Piet ne l’avait jamais vue si jolie et il la regardait bouche bée, lui pinçant par moments le bras, en cachette, très doucement.

— Piet ! que pourrait bien dire votre mère à mon oncle Claes ? demanda Truitje en suivant du coin de l’œil les deux compères. Il s’agit de nous sûrement.

— Ah ! Truitje, je donnerais ma part de paradis pour vous voir déjà faire des koekebakken pour votre petit mari. — Oui, ils causent de nous, ça se voit bien.

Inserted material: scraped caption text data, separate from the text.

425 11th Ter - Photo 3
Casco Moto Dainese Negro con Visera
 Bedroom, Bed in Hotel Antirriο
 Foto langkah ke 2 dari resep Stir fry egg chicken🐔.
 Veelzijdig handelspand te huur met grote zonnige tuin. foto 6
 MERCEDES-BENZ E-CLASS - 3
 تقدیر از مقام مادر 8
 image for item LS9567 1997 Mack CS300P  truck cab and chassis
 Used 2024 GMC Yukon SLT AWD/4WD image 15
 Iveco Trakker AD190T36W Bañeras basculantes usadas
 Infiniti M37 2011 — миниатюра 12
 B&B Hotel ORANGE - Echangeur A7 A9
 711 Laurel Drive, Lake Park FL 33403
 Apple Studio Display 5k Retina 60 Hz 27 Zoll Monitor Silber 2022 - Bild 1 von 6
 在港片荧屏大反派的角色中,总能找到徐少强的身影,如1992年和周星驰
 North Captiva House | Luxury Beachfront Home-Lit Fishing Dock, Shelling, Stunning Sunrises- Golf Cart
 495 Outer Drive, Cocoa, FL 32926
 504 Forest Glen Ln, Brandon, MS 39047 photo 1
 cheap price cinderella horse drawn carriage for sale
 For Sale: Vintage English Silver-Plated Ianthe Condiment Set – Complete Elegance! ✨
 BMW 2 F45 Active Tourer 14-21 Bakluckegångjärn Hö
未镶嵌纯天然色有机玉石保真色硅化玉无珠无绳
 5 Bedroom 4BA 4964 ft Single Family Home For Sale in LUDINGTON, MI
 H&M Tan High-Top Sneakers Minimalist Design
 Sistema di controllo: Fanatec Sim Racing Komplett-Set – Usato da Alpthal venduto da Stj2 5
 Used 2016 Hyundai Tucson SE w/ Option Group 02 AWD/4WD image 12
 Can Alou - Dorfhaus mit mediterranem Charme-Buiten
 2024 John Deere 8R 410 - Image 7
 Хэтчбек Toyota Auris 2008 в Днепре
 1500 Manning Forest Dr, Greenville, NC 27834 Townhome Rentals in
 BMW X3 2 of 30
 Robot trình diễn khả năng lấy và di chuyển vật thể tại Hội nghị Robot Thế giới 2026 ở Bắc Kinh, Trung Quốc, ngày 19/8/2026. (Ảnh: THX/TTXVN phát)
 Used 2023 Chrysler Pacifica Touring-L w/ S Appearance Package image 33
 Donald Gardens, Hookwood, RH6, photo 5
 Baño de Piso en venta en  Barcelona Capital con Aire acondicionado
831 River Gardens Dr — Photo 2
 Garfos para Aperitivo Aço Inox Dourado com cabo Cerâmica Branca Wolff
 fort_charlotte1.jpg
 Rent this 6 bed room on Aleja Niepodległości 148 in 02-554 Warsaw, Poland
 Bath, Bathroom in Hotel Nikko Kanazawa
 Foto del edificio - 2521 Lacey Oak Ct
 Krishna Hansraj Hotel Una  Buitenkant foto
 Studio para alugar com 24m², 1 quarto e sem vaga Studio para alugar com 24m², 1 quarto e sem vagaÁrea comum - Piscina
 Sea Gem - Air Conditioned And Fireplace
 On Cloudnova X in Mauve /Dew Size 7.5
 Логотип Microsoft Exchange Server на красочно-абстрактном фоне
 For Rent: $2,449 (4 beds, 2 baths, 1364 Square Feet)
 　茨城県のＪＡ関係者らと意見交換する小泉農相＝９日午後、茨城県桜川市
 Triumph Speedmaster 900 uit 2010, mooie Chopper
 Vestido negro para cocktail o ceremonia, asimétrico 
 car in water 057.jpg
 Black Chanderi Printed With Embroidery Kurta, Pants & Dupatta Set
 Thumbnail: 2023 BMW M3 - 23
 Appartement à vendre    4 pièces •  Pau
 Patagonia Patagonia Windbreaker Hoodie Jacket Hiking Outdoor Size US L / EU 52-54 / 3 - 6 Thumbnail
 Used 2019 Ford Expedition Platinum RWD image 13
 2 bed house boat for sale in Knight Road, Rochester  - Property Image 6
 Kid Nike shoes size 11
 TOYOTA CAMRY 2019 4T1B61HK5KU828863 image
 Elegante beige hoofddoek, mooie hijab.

Lukas Snip était de l’autre côté du feu : il fumait dans sa grande pipe en porcelaine, assis sur une chaise, sans rien dire. De temps en temps il s’interrompait de fumer pour manger un morceau ou pour boire à son verre, puis il remettait sa pipe en bouche et continuait à tirer de petites bouffées qu’il lançait droit devant lui.

Et il pensait en lui-même :

— Piet trouvera, je pense, une bonne femme en Truitje. Elle a l’air de se connaître au ménage et elle ne frit dans la poêle que juste le beurre qu’il faut. C’est un bon temps celui où l’on fait la cour à sa femme. Je me mettais comme notre garçon près du feu et je restais des heures entières à regarder Anna, en fumant des pipes, sans trouver un mot.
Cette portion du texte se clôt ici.